Türk Ceza Kanunun 328. Maddesi askeri ve siyasal casusluk başlığıyla yer almaktadır. İşbu maddede; “Devletin güvenliği veya iç veya dış siyasal yararları bakımından, niteliği itibarıyla, gizli kalması gereken bilgileri, siyasal veya askerî casusluk maksadıyla temin eden kimseye onbeş yıldan yirmi yıla kadar hapis cezası verilir” şeklinde suçun basit halini, ikinci fıkrası, “Fiil; a) Türkiye ile savaş hâlinde bulunan bir devletin yararına işlenmişse, b) Savaş sırasında işlenmiş veya Devletin savaş hazırlıklarını veya savaş etkinliğini veya askerî hareketlerini tehlikeye sokmuşsa, Fail, ağırlaştırılmış müebbet hapis cezası ile cezalandırılır” şeklinde ağırlaştırılmış halini cezalandırmaktadır. her devletin kanunu, bu sırların muhafazası hususunda büyük bir hassasiyet göstermekte, ihlaline veya buna teşebbüs edenlere çok şiddetli cezalar öngörmektedir. Bu kapsamda, TCK 328. maddede düzenli suç, devletin birinci derecede önemli menfaatlerini ilgilendiren bilgileri korumak maksadıyla düzenlenmiştir. Bu suçun koruduğu hukuksal menfaatler, “devlet güvenliği”, “devletin iç veya dış siyasal yararları” ve “milli savunmaya” ilişkin menfaatlerdir.

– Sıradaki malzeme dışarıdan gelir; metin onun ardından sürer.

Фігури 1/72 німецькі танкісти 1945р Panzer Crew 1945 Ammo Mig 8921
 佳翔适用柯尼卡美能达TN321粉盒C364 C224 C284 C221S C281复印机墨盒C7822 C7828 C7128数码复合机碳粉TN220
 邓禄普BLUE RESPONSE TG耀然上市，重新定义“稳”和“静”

Suçun maddi konusu, “devletin güvenliği veya iç veya dış siyasal yararları bakımından, niteliği itibarıyla, gizli kalması gereken bilgiler” yani, özünde devlet sırrı olan bilgiler olarak tayin edilmiştir. Menfaat sağlamak gayesiyle veya başka bir maksatla fail tarafından uydurulmuş sahte sırlar bu suça vücut vermez. Bununla beraber, rivayet, tahmin gibi hususlar bilginin sır vasfını kaldırmaya yetmez. Gizli kalması gereken bilgi artık gizliliğini kaybetmiş ise sırdan bahsedilemez. Örneğin, askerî bir sırrı temin etmiş olan bir kimse, aynı bilginin daha önce askerî dergide yayımlanmış olması neticesinde suç işlemiş olmayacaktır.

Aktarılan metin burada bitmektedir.